An Institutional Review Board exemption was obtained, and patient consent was waived in this HIPAA compliant study. The participating radiologists gave informed consent. Five radiologists were prospectively studied as they interpreted 267 clinical digital screening mammograms. Interpretation times, recall decisions, and confidence levels were recorded without CAD and then with CAD. Software was used for linear regression fitting of interpretation times. P values less than .05 were considered to indicate statistically significant differences.
Mean interpretation time without CAD was 118 seconds ± 4.2 (standard error of the mean). Mean time for reviewing CAD images was 23 seconds ± 1.5. CAD identified additional findings in five cases, increased confidence in 38 cases, and decreased confidence in 21 cases. Interpretation time without CAD increased with the number of mammographic views (P < .0001). Mean times for interpretation without CAD and review of the CAD images both increased with the number of CAD marks (P < .0001). The interpreting radiologist was a significant variable for all interpretation times (P < .0001). Interpretation time with CAD increased by 3.2 seconds (95% confidence interval: 1.8, 4.6) for each calcification cluster marked and by 7.3 seconds (95% confidence interval: 4.7, 9.9) for each mass marked.

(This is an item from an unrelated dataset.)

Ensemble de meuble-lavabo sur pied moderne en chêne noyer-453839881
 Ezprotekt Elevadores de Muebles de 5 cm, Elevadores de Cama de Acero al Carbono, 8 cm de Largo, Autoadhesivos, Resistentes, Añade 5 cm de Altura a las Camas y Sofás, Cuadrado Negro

The additional time required to review CAD images represented a 19% increase in the mean interpretation time without CAD. CAD requires a considerable time investment for digital screening mammography but may provide less measureable benefits in terms of confidence of the radiologists.
前瞻性地确定计算机辅助检测(CAD)的解释时间,并分析 CAD 如何影响放射科医生的决策及其对数字筛查乳房 X 线照片解释的信心水平。
本研究获得了机构审查委员会豁免,并在符合 HIPAA 规定的情况下放弃了患者同意。参与的放射科医生获得了知情同意。在没有 CAD 和使用 CAD 的情况下,前瞻性地研究了 5 名放射科医生对 267 例临床数字筛查乳房 X 线照片的解释。记录了解释时间、召回决策和信心水平,没有 CAD 和使用 CAD。使用软件对解释时间进行线性回归拟合。P 值小于 0.05 被认为表示具有统计学意义的差异。
没有 CAD 的平均解释时间为 118 秒±4.2(均数的标准误差)。审查 CAD 图像的平均时间为 23 秒±1.5。CAD 在 5 例中发现了额外的发现,在 38 例中增加了信心,在 21 例中降低了信心。没有 CAD 的解释时间随乳腺 X 线照片视图数量的增加而增加(P<0.0001)。没有 CAD 的解释时间和 CAD 图像的审查时间都随 CAD 标记数量的增加而增加(P<0.0001)。解释时间是所有解释时间的显著变量(P<0.0001)。每个钙化簇标记增加 3.2 秒(95%置信区间:1.8,4.6),每个肿块标记增加 7.3 秒(95%置信区间:4.7,9.9),这会导致使用 CAD 时的解释时间增加。
审查 CAD 图像所需的额外时间使没有 CAD 的平均解释时间增加了 19%。CAD 为数字筛查乳房 X 线摄影需要大量的时间投入,但在放射科医生的信心方面可能提供的可衡量的益处较少。